### Your assignment
Below are some entries. Transcribe the lines from the one holding "Cockatoo Island hosts" to the one holding "手工制作加密尼龙丝鞋擦图片", inclusive, but not the pictures among them.

### Supplied records
■ ■ ■

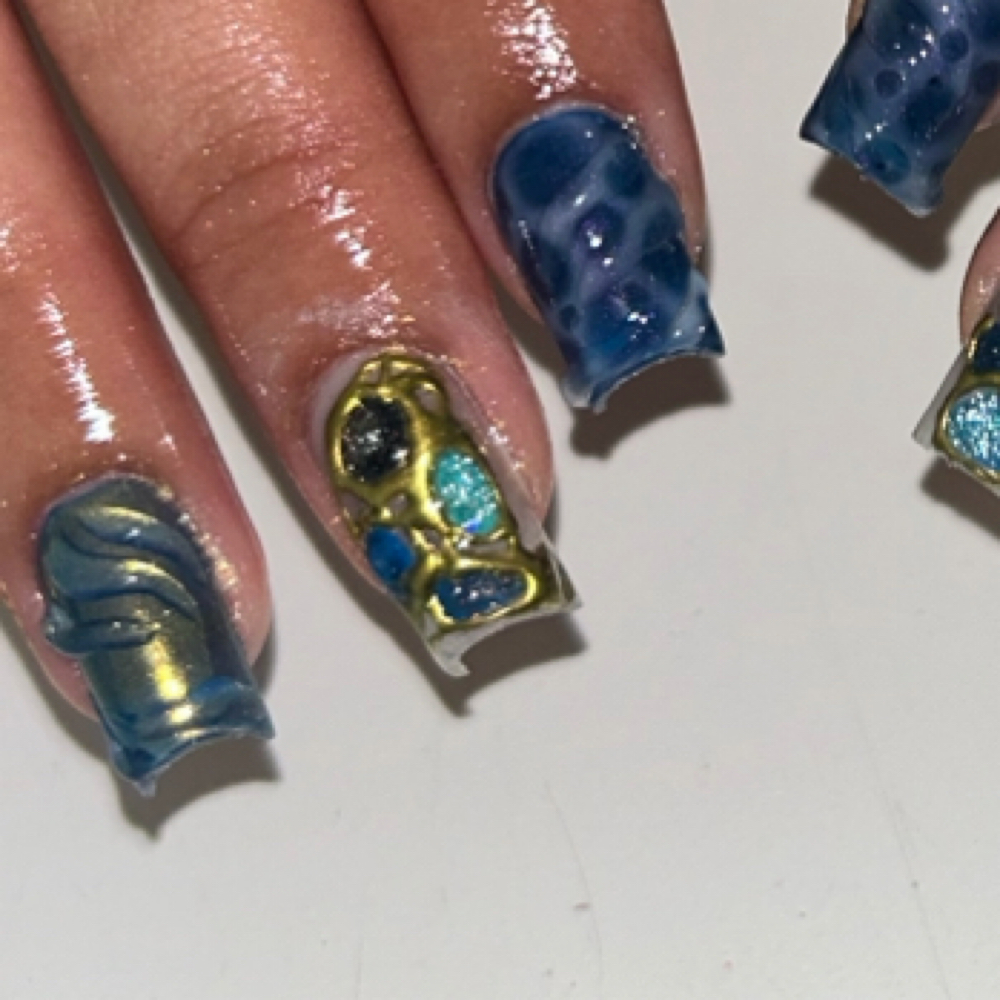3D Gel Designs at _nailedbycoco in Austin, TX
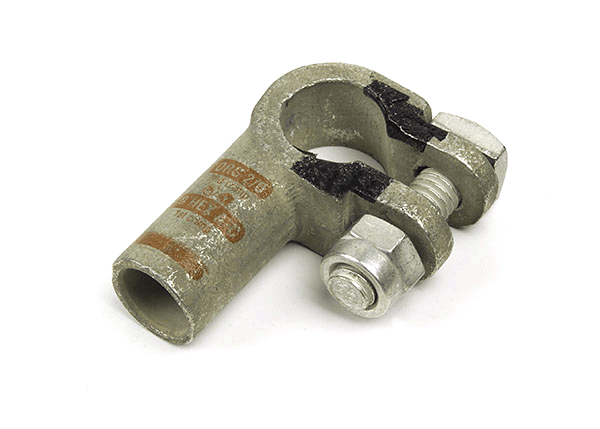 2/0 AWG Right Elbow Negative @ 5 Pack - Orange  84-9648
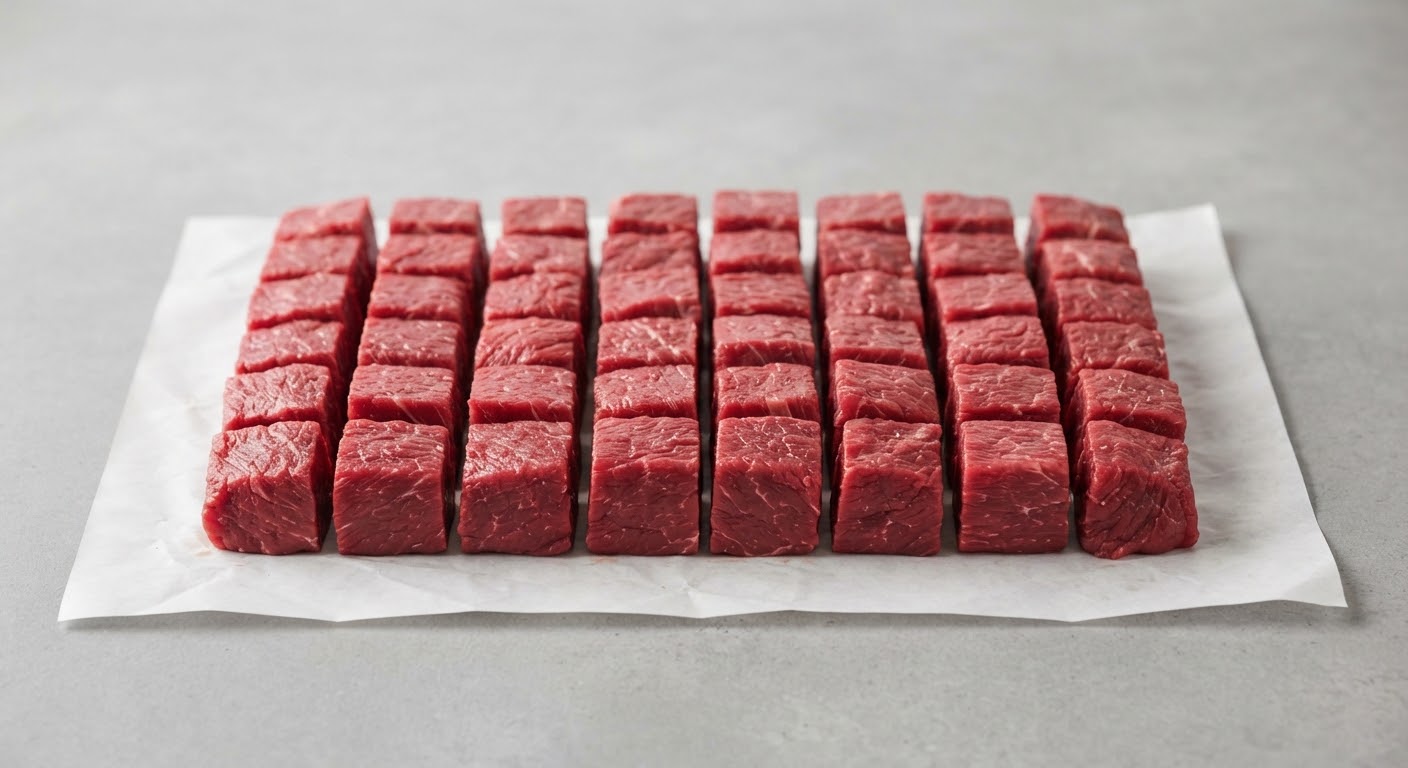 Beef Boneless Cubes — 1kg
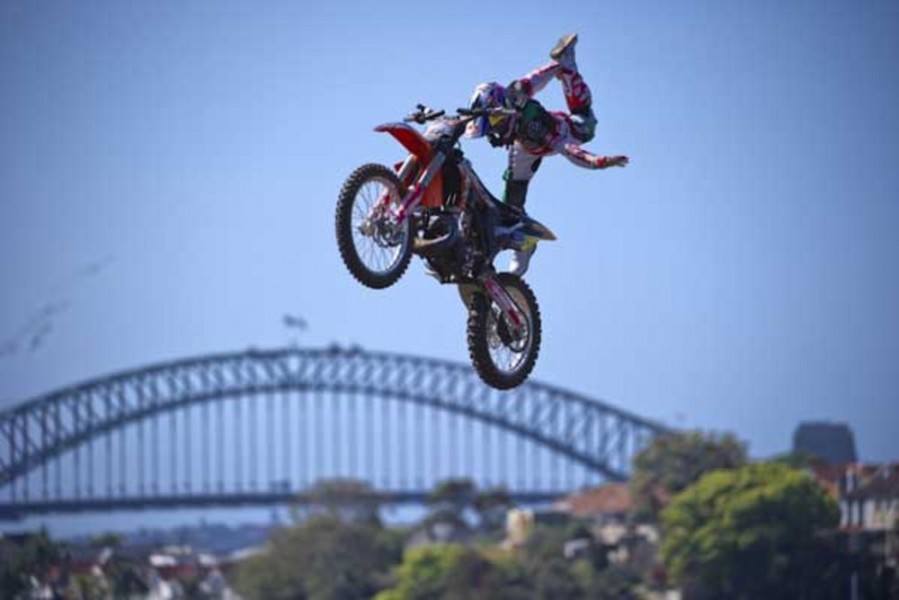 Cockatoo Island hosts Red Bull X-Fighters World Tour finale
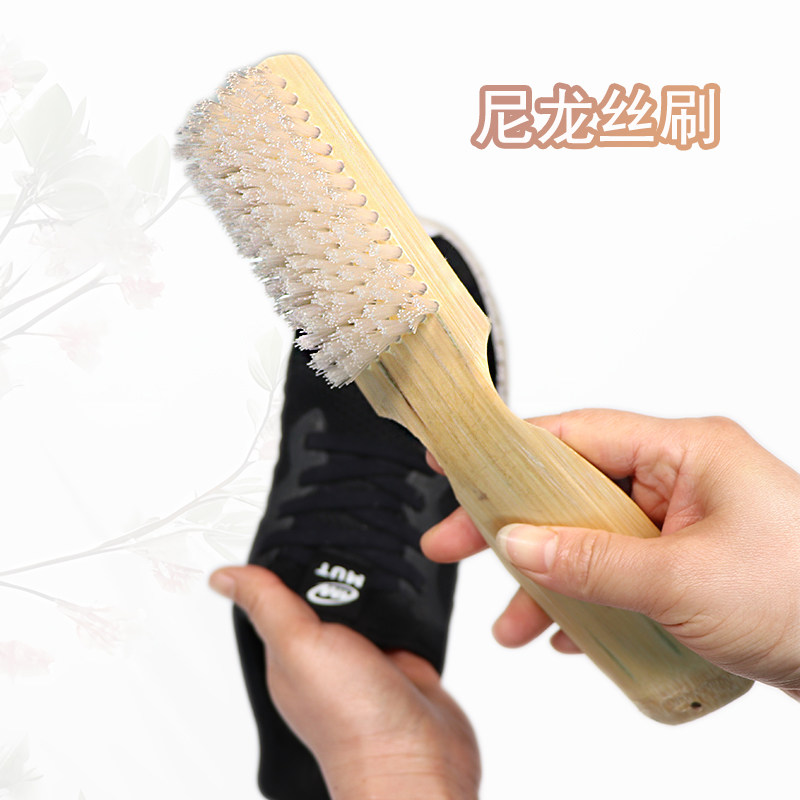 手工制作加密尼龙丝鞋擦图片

■ ■ ■

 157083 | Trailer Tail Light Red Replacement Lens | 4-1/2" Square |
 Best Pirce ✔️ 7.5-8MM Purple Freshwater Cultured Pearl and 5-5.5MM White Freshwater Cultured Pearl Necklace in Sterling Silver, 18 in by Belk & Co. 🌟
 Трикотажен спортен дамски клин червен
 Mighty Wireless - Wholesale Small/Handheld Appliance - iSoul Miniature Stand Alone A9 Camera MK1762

■ ■ ■

### Response
 Cockatoo Island hosts Red Bull X-Fighters World Tour finale
 手工制作加密尼龙丝鞋擦图片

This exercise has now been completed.